**TASK BRIEF:**
From the line that contains "Close-Up of Person" through the last line of the data, copy everything exactly and nothing else, omitting the pictures.

**MATERIALS PROVIDED:**
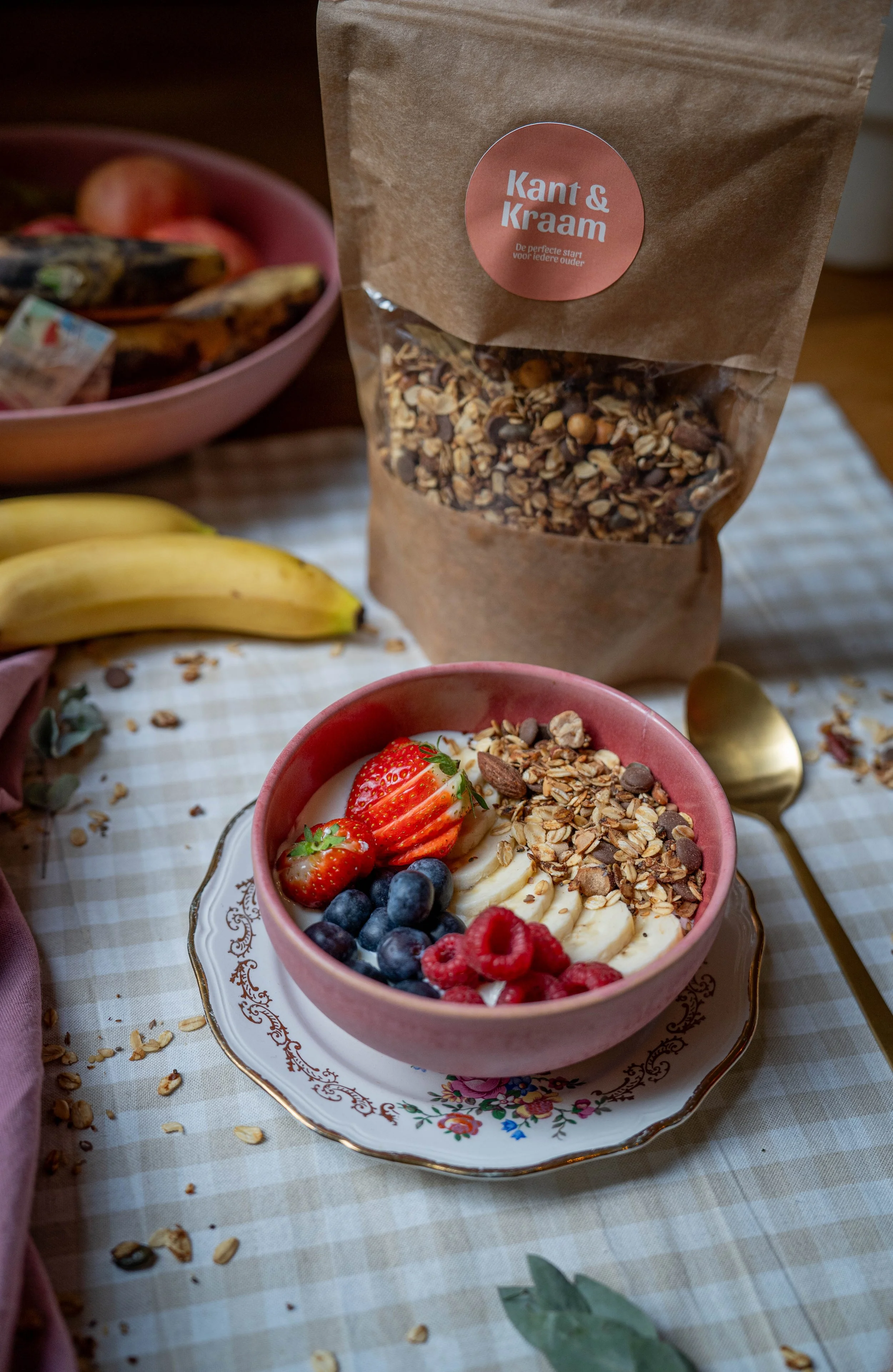 Kom met yoghurt, vers fruit, en granola, op een dienblad met een goudkleurige lepel en een papieren zak met granola. In de achtergrond liggen bananen en een roze kom met meer fruit.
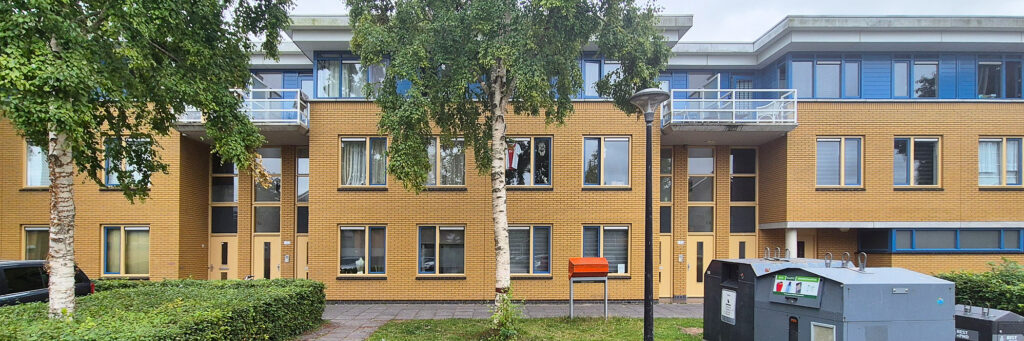 geel wooncomplex met een blauwe bovenverdieping. voor het complex staan bomen en groenstrook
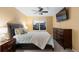 Bedroom featuring a ceiling fan, warm tones, and comfortable furniture at 18233 E Dorado Ave, Centennial, CO 80015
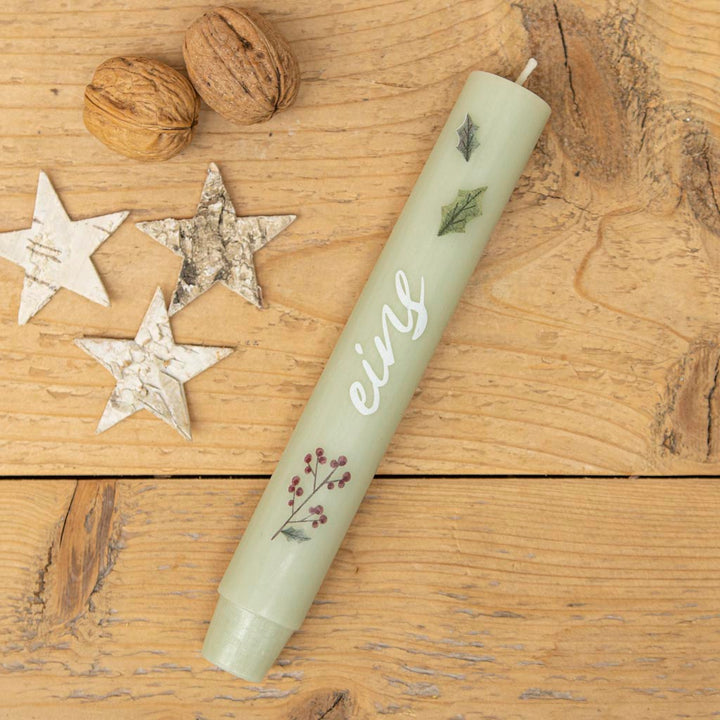 Stabkerze Advent mit der Zahl Eins und Blättern als Motiv auf grüner Kerze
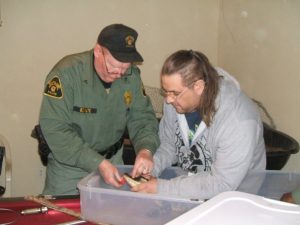 Mike the volunteer with a Department of Natural Resources Police officer.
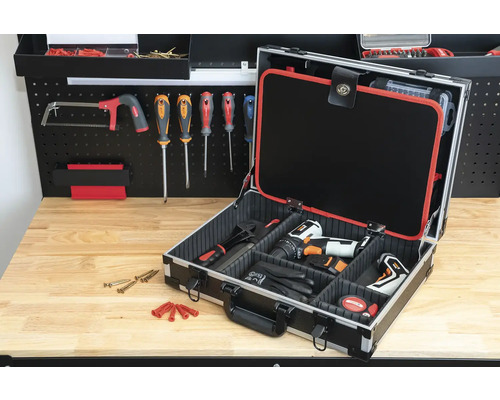 Offener Werkzeugkoffer mit Werkzeugen auf einer Werkbank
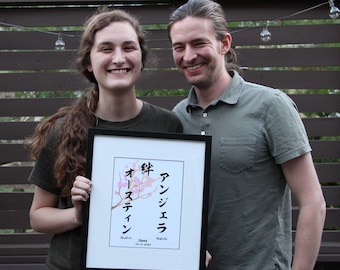 May include: A framed print with a watercolor painting of a cherry blossom branch with pink flowers. The Japanese characters "桜" (sakura), "年" (toshi), "アンジェラ" (Angela), and "オーディン" (Odin) are written in black ink. The text "Shay" and "10-3-2022" are written below the painting.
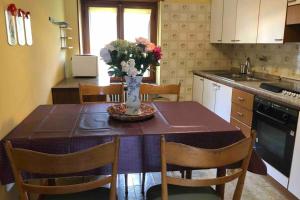 a kitchen with a table with a vase of flowers on it at La Maison des Hirondelles Alloggio ad uso turistico - VDA SAINT-PIERRE 0035 in Saint-Pierre +21 photos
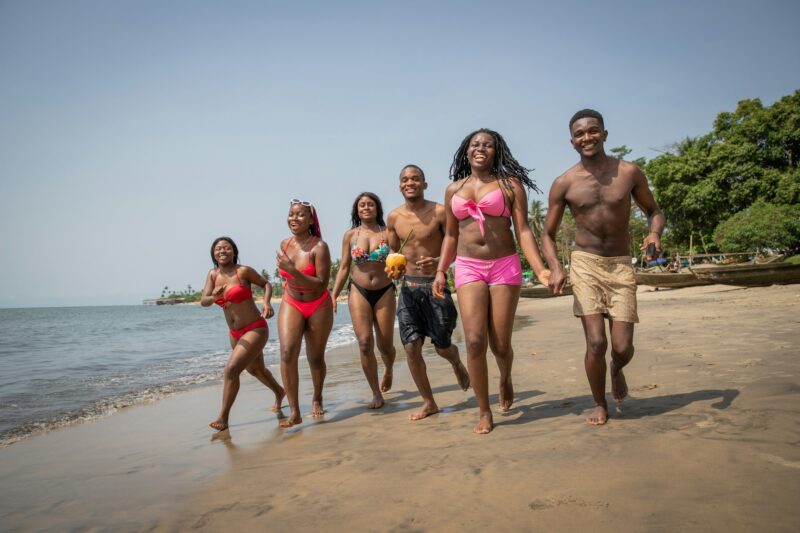 Group of young African friends, males and females, having fun on a tropical beach, carefree life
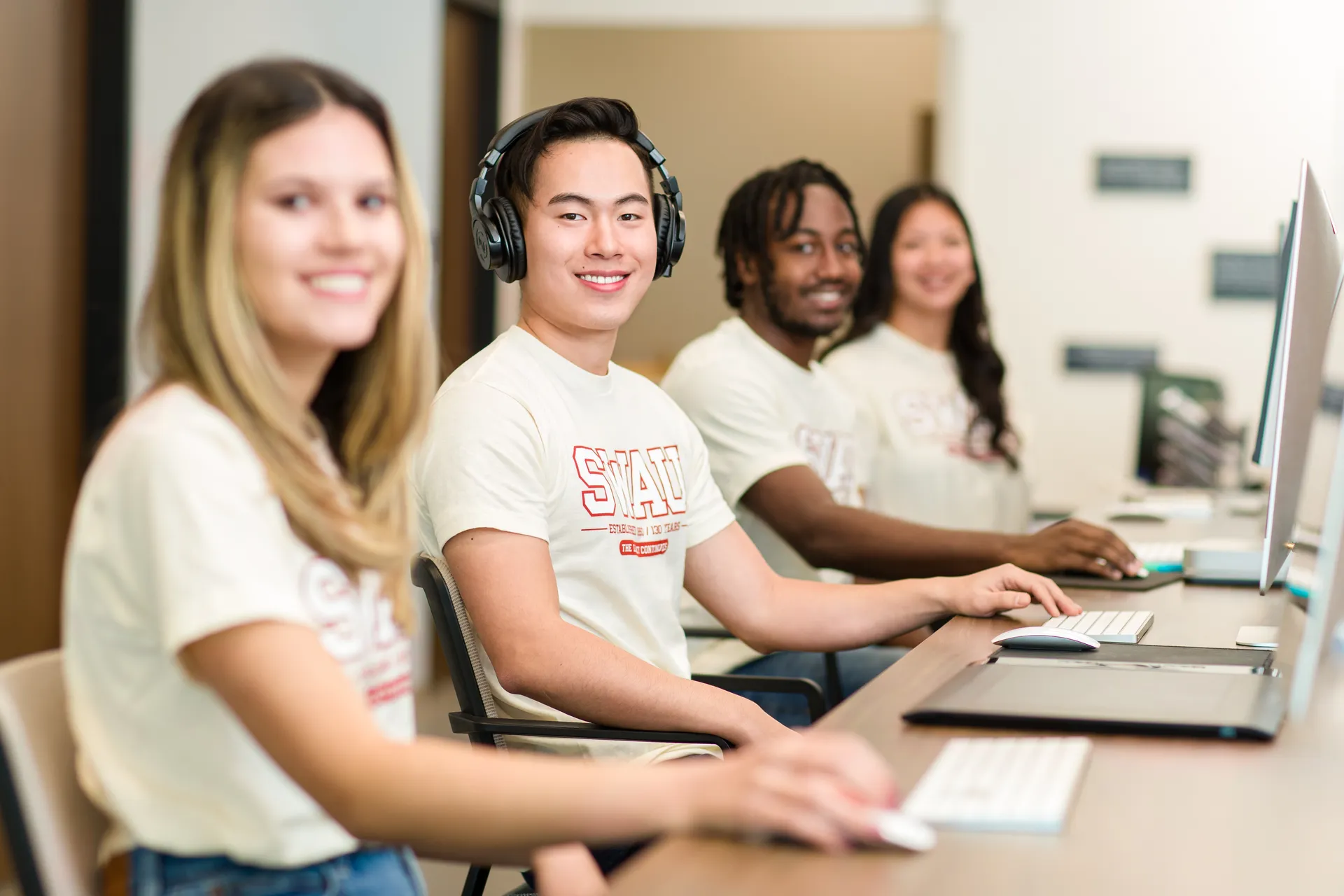 Students sitting in front of computers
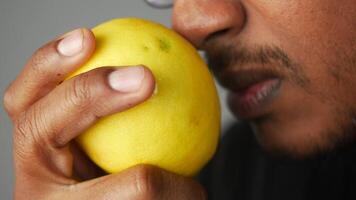 Close-Up of Person Holding and Smelling a Fresh Yellow lemon in Hand video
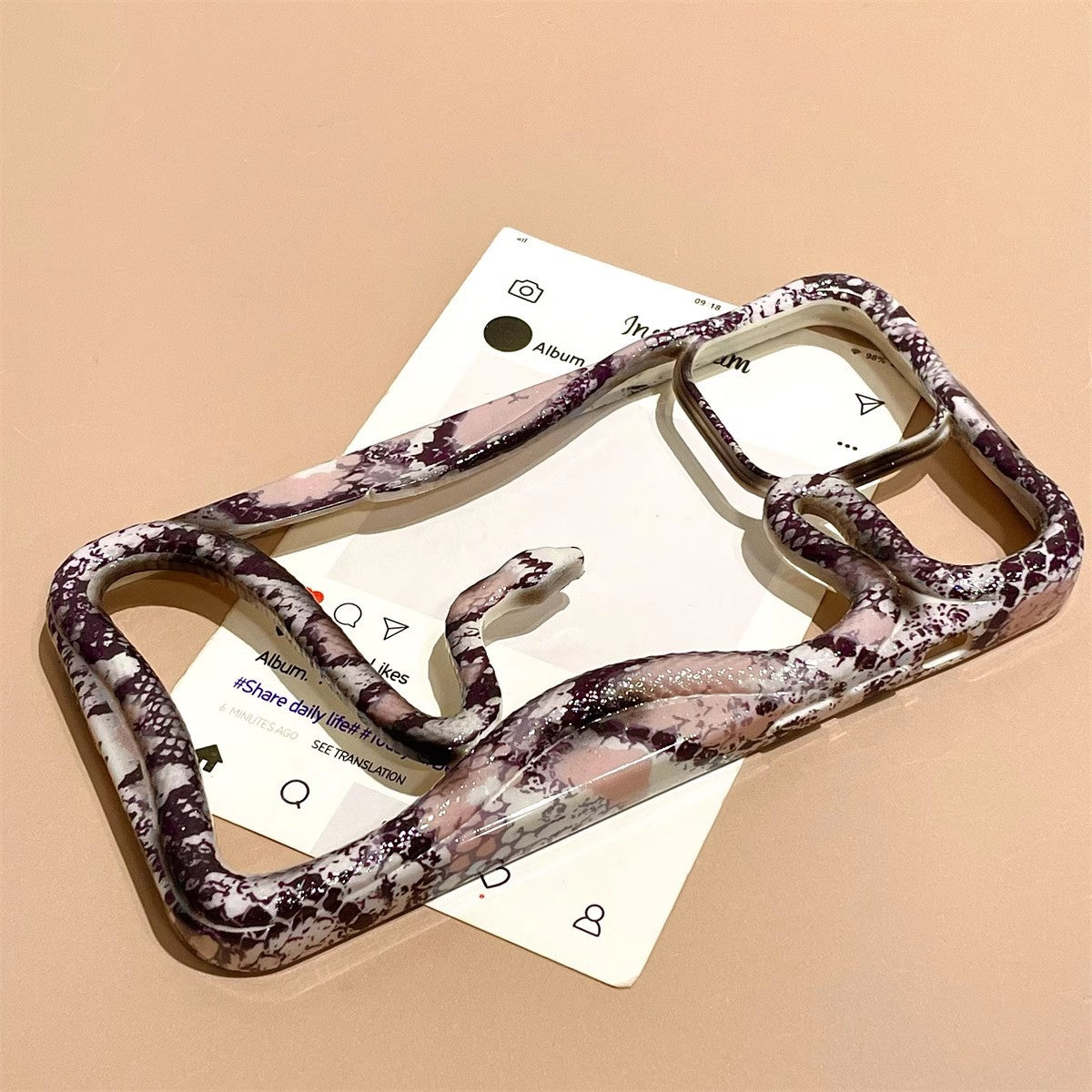 Snake print hollow out phone case with wavy frame design by Miniic Shop, showcasing a trendy, textured aesthetic.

**RESULT BELOW:**
 Close-Up of Person Holding and Smelling a Fresh Yellow lemon in Hand video
 Snake print hollow out phone case with wavy frame design by Miniic Shop, showcasing a trendy, textured aesthetic.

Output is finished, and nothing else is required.